Habtemariam T, Tameru B, Nganwa D, Beyene G, Ayanwale L, Robnett V
Center for Computational Epidemiology, Bioinformatics and Risk Analysis (CCEBRA), College of Veterinary Medicine, Nursing and Allied Health (CVMNAH), Tuskegee University, Tuskegee, AL 36088.
Adv Syst Sci Appl. 2008 Mar;8(1):35-39.
Computational models and simulations are becoming central research tools in epidemiology, biology, and other fields. Epidemiologic research involves the study of a complex set of host, environment and causative agent factors as these interact to impact health and diseases in any population. The most advanced of these efforts have focused on micro (cellular) or macro (human) population levels. The dynamic interplay of HIV with a focus in its hosts at the cellular level provides the micro-epidemiologic basis, while the dynamic interplay of multifactorial determinants: biomedical, behavioral, and socioeconomic factors provide the macro-epidemiologic basis at the human population level. We have developed the computational tools and mathematical approaches to study the population-level effects of various drugs on HIV to integrate models from micro to macro- levels in a seamless fashion. The critical variables that facilitate transmission of HIV and intracellular interactions and molecular kinetics were considered. Such multilevel models are essential if we are to develop quantitative, predictive models of complex biological systems such as HIV/AIDS.

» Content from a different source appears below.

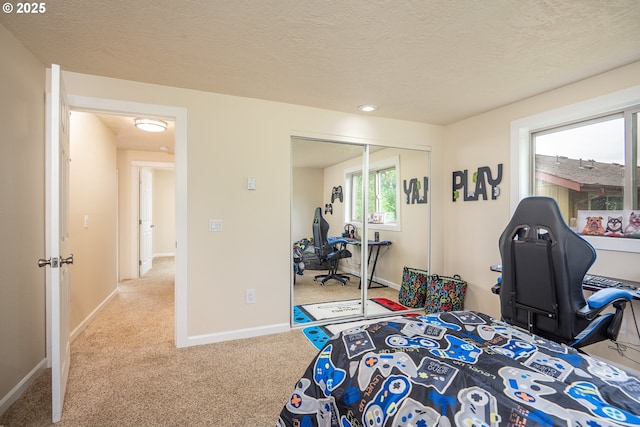 1193 Cedar Pl, Creswell, OR 97426 - carpeted bedroom featuring a closet, a desk, and a textured ceiling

计算模型和模拟正成为流行病学、生物学及其他领域的核心研究工具。流行病学研究涉及对一系列复杂的宿主、环境和致病因素的研究,因为这些因素相互作用会影响任何人群的健康和疾病。这些研究中最先进的部分聚焦于微观(细胞)或宏观(人类)人群层面。以细胞水平的宿主为重点的艾滋病毒动态相互作用提供了微观流行病学基础,而多因素决定因素(生物医学、行为和社会经济因素)的动态相互作用则在人类人群层面提供了宏观流行病学基础。我们已经开发出计算工具和数学方法来研究各种药物对艾滋病毒的人群层面影响,以便以无缝方式将微观到宏观层面的模型整合起来。我们考虑了促进艾滋病毒传播以及细胞内相互作用和分子动力学的关键变量。如果我们要开发诸如艾滋病毒/艾滋病等复杂生物系统的定量、预测模型,这种多层次模型至关重要。